Investment Banking assessment centers will always include individual and group case studies, which will require some preparation before you can handle those confidently
What are Investment Banking Case Studies?
A case study will consist of a question or several questions that are asked based on a client’s business. You will be given some information about the clients and your task will be to answer those questions, and justify what advice you would give to the client. Most case study exercises happen during the assessment centre day, i.e. you will be given the materials and prepare on the spot. Occasionally, some banks give candidates the case study materials beforehand and you will have some time (usually one night) to prepare.
Why Investment Banking Case Studies?
Interviewers want to put candidates into a "real" business environment to test their capability of handling real work. The case study exercise is a great way to test candidates’ analytical skills, creativity, presentation, communication and people skills! That is why case study usually weights much more than any other interview or test during the investment banking recruitment process.
What are typical Investment Banking Case Study questions?

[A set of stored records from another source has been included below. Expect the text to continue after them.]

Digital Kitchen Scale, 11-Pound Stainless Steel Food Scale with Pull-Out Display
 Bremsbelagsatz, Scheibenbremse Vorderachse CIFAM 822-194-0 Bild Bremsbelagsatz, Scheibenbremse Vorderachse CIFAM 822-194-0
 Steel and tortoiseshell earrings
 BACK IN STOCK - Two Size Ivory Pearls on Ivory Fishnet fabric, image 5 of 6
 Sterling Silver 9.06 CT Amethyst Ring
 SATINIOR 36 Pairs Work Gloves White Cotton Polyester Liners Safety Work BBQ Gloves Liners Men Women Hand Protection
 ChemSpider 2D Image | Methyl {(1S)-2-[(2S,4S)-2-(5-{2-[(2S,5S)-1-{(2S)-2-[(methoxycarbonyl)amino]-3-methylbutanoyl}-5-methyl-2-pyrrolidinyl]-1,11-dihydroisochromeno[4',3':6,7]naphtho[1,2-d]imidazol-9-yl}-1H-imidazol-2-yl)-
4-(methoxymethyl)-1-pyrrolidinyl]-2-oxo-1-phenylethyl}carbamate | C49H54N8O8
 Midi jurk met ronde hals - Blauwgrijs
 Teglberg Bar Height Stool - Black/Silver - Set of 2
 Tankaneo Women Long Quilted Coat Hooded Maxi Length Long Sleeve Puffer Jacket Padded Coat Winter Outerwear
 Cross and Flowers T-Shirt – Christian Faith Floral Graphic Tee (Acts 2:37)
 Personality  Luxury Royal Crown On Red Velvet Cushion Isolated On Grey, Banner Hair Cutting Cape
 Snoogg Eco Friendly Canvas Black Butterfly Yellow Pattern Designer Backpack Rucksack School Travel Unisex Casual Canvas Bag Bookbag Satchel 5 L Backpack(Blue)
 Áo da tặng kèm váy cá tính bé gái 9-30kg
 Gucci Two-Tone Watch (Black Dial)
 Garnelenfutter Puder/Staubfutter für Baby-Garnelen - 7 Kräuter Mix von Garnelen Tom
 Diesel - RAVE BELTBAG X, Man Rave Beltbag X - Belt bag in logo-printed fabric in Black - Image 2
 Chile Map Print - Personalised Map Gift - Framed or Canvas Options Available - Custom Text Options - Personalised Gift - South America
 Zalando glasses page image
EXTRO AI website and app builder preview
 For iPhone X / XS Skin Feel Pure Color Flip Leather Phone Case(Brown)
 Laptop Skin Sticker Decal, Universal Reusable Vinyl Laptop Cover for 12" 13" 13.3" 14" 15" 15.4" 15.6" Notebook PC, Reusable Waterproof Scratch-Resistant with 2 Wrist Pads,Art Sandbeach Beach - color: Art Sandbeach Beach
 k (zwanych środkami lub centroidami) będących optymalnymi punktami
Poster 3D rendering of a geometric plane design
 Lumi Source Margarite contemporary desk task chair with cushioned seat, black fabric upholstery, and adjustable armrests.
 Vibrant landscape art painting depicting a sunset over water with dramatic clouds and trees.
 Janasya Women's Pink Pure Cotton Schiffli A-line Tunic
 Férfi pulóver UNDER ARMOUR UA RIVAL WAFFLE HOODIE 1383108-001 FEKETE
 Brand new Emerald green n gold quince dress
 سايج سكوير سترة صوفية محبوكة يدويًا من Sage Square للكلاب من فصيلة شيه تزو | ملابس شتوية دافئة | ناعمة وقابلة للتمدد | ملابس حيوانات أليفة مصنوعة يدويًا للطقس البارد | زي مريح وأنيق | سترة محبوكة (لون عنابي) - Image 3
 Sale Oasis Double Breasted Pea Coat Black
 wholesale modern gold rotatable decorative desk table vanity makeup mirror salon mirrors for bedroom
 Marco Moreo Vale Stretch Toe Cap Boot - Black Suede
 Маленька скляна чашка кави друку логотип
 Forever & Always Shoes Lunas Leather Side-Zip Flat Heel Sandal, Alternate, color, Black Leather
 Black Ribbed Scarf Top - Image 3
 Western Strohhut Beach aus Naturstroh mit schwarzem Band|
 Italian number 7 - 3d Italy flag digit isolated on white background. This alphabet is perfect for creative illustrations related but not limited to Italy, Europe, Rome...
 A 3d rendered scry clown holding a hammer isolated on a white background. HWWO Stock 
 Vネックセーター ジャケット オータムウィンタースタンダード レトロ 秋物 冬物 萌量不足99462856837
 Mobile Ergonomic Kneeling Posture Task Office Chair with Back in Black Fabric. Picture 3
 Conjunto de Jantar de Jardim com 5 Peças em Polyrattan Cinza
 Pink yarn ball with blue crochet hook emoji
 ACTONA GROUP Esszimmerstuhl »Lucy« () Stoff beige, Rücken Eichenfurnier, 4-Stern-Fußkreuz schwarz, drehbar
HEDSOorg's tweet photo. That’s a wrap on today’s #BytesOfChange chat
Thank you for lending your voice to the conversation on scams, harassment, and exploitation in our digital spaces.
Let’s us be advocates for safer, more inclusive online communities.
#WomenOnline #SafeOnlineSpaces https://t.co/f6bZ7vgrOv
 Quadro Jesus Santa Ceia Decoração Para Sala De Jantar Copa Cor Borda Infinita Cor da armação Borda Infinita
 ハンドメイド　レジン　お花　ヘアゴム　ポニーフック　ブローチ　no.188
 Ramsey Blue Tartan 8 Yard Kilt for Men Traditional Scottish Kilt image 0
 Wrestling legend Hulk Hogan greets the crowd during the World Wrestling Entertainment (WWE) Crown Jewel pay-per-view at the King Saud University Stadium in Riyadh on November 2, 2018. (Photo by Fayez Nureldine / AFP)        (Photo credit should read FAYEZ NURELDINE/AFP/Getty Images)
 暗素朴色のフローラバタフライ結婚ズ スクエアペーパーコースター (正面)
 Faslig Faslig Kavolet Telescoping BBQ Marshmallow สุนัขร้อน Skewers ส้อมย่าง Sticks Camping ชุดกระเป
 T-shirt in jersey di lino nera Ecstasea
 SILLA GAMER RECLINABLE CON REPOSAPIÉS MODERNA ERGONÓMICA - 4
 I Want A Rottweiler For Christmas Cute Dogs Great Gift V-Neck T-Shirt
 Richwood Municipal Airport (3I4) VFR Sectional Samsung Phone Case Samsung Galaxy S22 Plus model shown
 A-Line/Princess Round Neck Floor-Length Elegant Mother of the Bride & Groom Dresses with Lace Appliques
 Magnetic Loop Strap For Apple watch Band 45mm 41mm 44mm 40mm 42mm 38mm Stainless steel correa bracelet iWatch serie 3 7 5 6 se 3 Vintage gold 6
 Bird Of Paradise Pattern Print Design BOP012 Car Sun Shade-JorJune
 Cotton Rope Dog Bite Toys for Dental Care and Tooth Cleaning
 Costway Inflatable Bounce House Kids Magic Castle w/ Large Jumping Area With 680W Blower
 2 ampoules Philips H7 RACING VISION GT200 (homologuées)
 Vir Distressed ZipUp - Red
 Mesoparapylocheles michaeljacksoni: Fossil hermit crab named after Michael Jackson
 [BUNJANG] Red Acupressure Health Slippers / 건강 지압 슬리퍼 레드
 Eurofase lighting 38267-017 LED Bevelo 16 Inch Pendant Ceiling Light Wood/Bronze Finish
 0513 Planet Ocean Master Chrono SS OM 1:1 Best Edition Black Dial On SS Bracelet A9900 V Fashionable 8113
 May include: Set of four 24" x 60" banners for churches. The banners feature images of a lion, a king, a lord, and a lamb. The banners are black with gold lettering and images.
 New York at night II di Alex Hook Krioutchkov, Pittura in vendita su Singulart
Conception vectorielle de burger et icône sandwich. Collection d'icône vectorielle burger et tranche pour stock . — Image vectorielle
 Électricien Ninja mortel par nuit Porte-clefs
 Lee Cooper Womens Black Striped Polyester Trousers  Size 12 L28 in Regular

- Your client A wants to get your opinion on which company they should acquire from 4 companies and why
- Company B needs to raise capital – and they come to you to ask should they raise debt or equity, and what’s the best way to do it
- Company C comes to ask you whether they should expand through acquisitions or organically?
How to prepare?
There are only few ways to practice case studies: (i) make sure you read the business news often and (ii) practice as many as possible.